Making software is challenging. It can be incredibly complex with a lot of moving parts. Questions will come up that are difficult to answer, and sometimes it’s difficult to find the right language to ask. It’s important to have the right tools to get unblocked when we run up against these complex questions. When there […]
Making software is challenging. It can be incredibly complex with a lot of moving parts. Questions will come up that are difficult to answer, and sometimes it’s difficult to find the right language to ask. It’s important to have the right tools to get unblocked when we run up against these complex questions.
When there are several dimensions to consider and several consequences to weigh, I lean on my toolbox as a consultant. Those tools include clarifying the problem, envisioning the landscape, and defining the work ahead once a decision is made.
When executed well, these steps make it seem like we haven’t done anything at all. The conversation is focused on the right areas and all parties can make decisions quickly. However, no one forgets when you’ve made their job easier. These tools help us own the work and move the project, and the team, forward toward our goals.
This step is exactly how it sounds. Make a picture. It doesn’t have to be pretty.
It could be as simple as a brainstorm map that shows the relationships between entities, roles, systems, etc. You can even use Excel to create a mockup so the team can see the connection or the value exchange between systems. This visualization can help teams make quick decisions.
It can be hard to problem solve when you’re passionate about the product and its success. Being able to step back, clarify what the question really is about, and make sure the team is on the same page has helped our team.
With this approach, we can take a detailed question and zoom out to the bigger picture. From there, we can see what’s really at stake and make decisions that answer a dozen open questions instead of just one.

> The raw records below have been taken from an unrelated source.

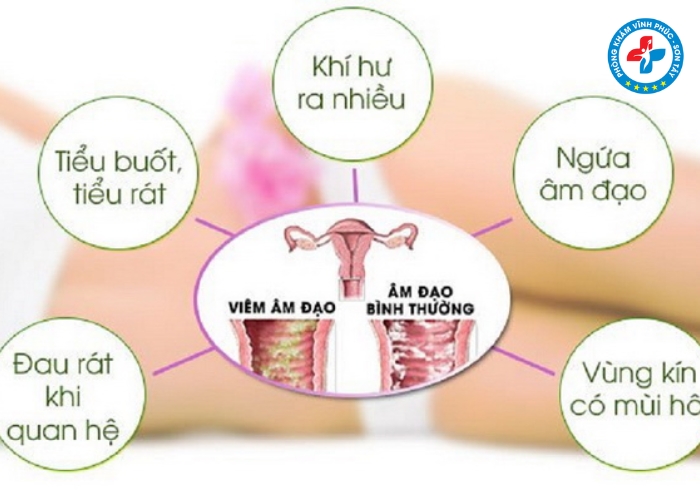 Dấu hiệu viêm nhiễm phụ khoa giai đoạn đầu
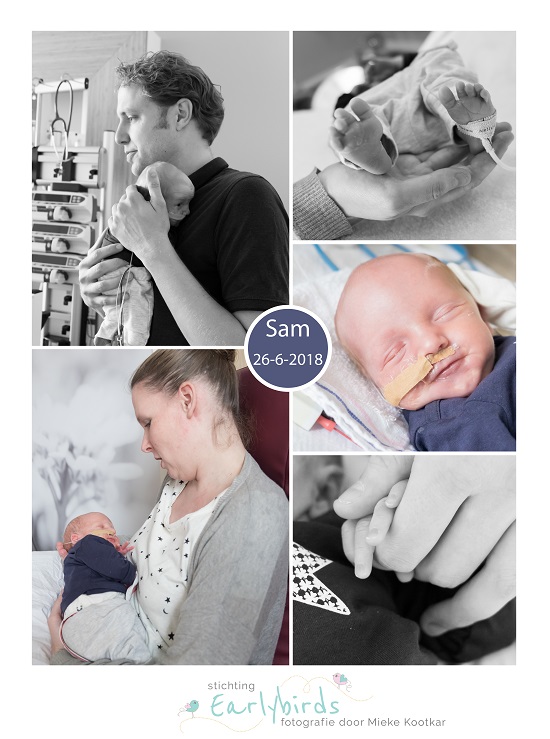 Sam prematuur geboren met 33 weken, VieCuri Venlo, vroeggeboorte, sonde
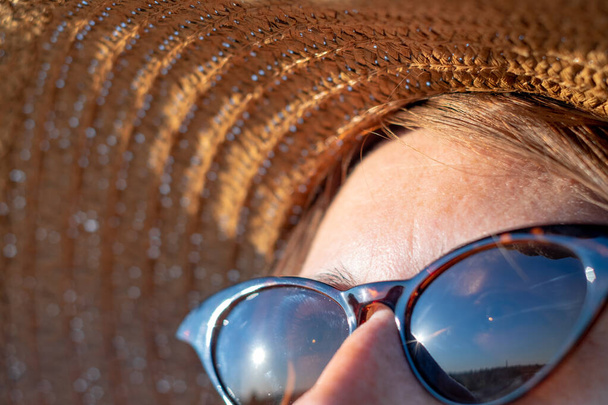 Forehead of a woman with freckles in direct sunlight, close-up view. UV protection, sun radiation concept: skin with lentigo in the summer sun - Zdjęcie, obraz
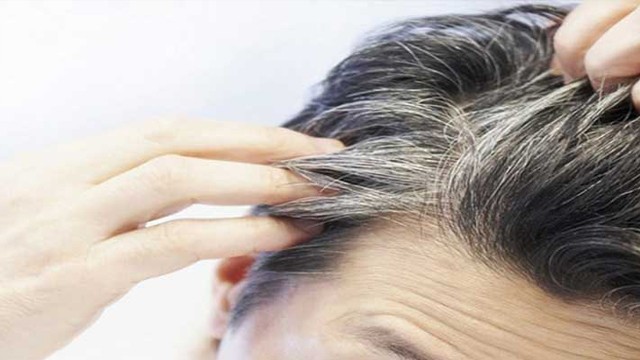 পাকা চুলের সঙ্গে ক্যান্সারের যোগসুত্র নিয়ে যা বলছে গবেষণা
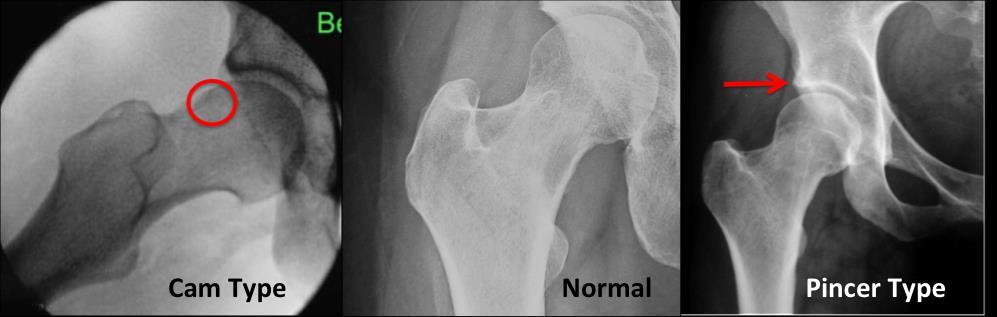 INTRODUCTION Osteoarthritis in the hip has been known to develop in older populations, resulting in open surgeries to repair damaged bone and cartilage and in many cases a total hip replacement is
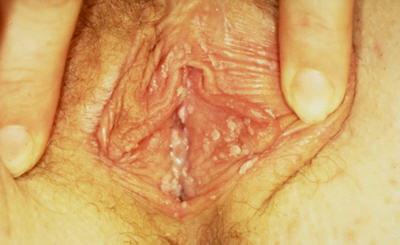 Female genital warts on the vulva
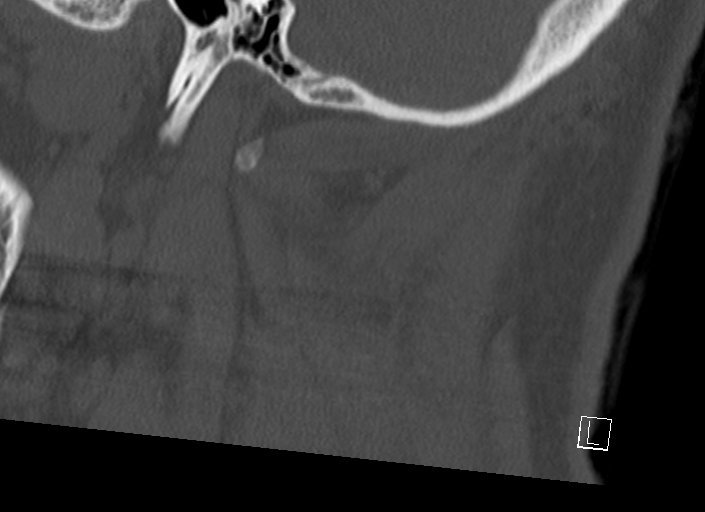 Chiari I malformation with a symptomatic syrinx of the posterolateral medulla oblongata (Radiopaedia 42573-45707 A 10).jpg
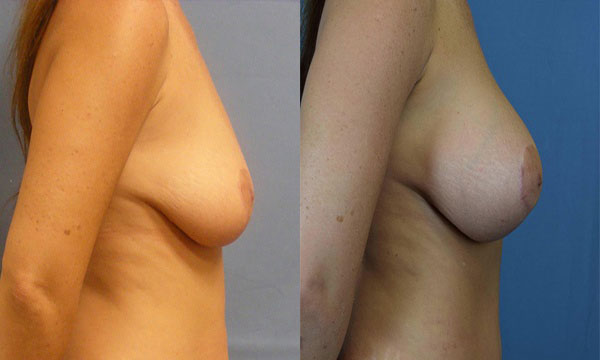 Photo of the patient’s body before & after the Breast Augmentation with Implantst surgery. Set 2: Patient 15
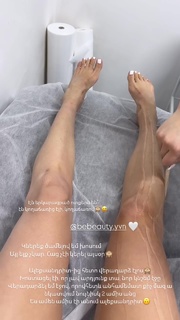 Lusine Hayrapetyan feet photo 7
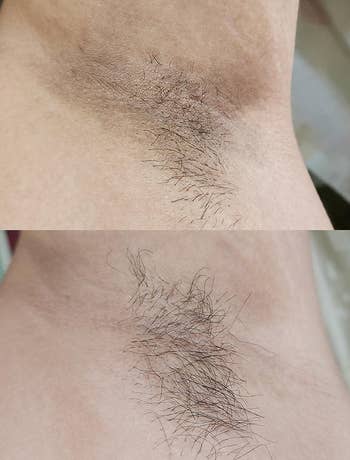 a reviewer's before with dark spots of their armpits and after of their arm pits with minimal spots after using kojic acid soap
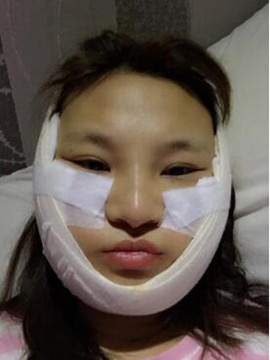 終于做了顴骨內(nèi)推了還是在北京八大處果我放心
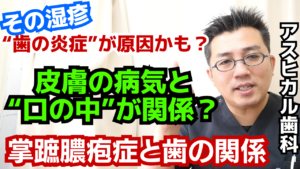 【掌蹠膿疱症と歯科】口の中の病気と全身のつながり｜アスヒカル歯科 加藤院長が解説
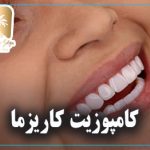 کامپوزیت کاریزما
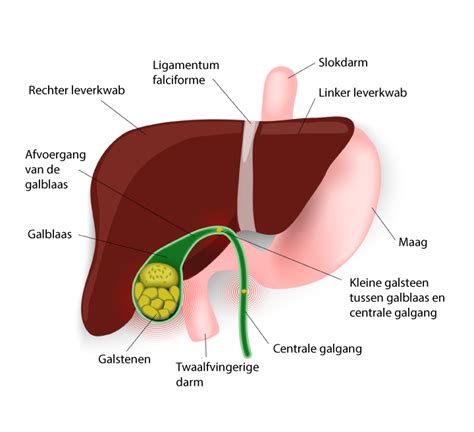 Processus falciformis, falciform ligament, ligamentum falciforme. Galstenen en Synofit: gaat dat samen? • Synofit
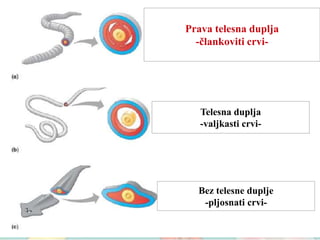 Prava telesna duplja
-člankoviti crvi-
Telesna duplja
-valjkasti crvi-
Bez telesne duplje
-pljosnati crvi-
 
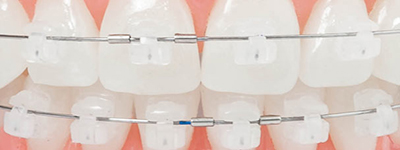 Brace Sapphire orthodontic in Smile Tijuana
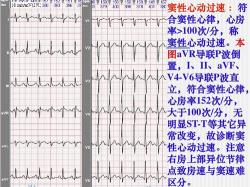 心率110左右意味着什么：解读心动过速的原因与应对方法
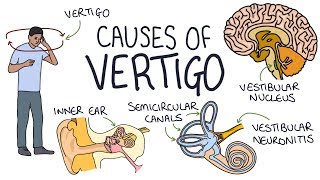 Understanding the Causes of Vertigo [upl. by Atneciv]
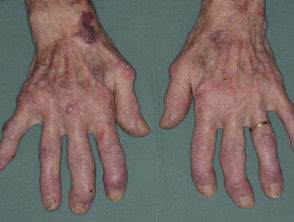 Artritis reumatoide de manos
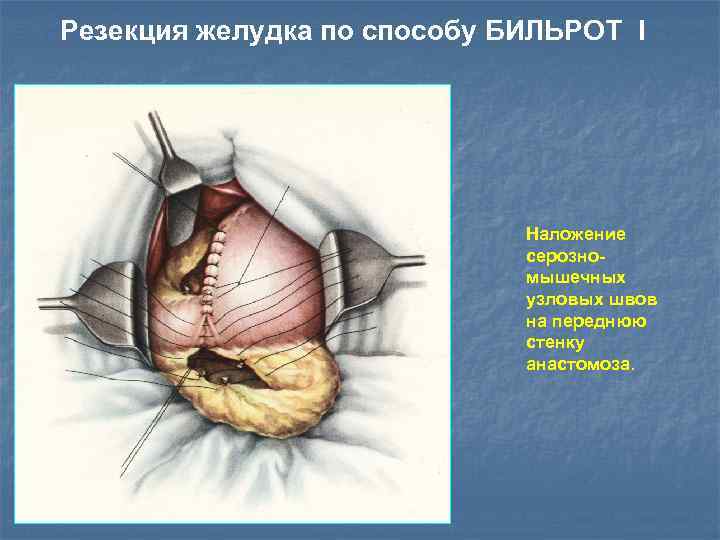 Резекция желудка по способу БИЛЬРОТ I Наложение серозномышечных узловых швов на переднюю стенку анастомоза.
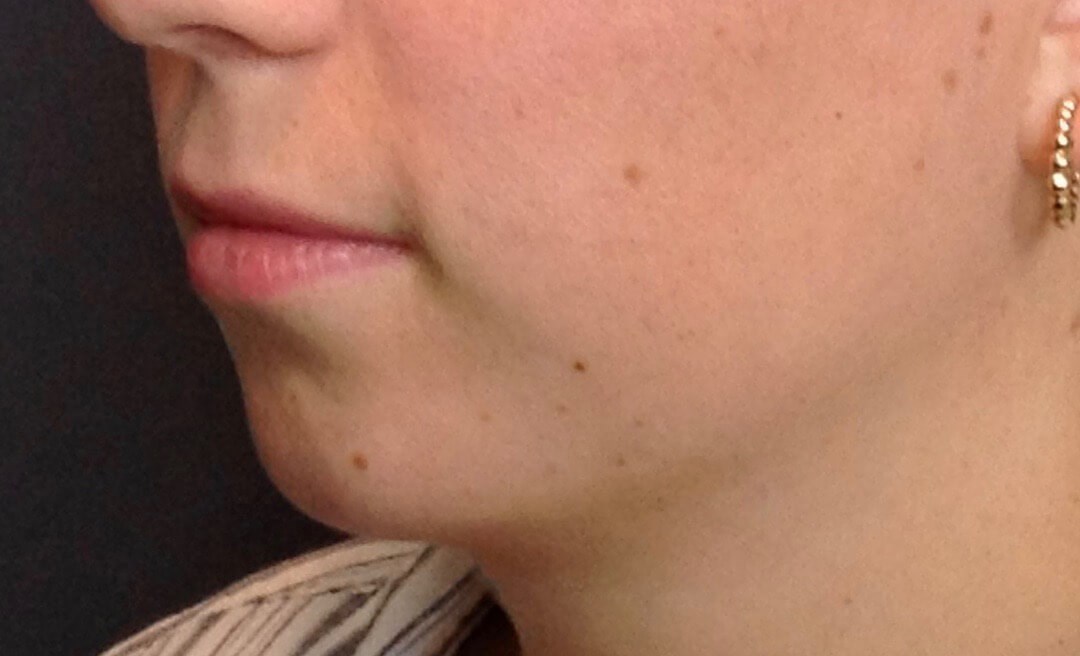Before Image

Any good problem has a variety of solutions, and the thing about hard decisions is that the options seem equal. Our teams facilitate these discussions by outlining the options (name the option, define the outcome) and how they differ.
Who is impacted? What is the effort involved? Who will own the work? What are the trade-offs?
Here’s how to take a project over the finish line. Once you’ve made a decision, what are the next steps? Does more discovery need to take place? If so, to answer what questions? Do you need to write user stories, and if so, what is the work, and who will take the lead to add them to the backlog? This crucial step closes the loop on the complex question at hand.
These steps are crucial for consultants. In order to do this work, we as designers and consultants have to truly understand the needs of our users and the ecosystem we’re working in. With this knowledge and empathy for our users, we can help our teams move forward.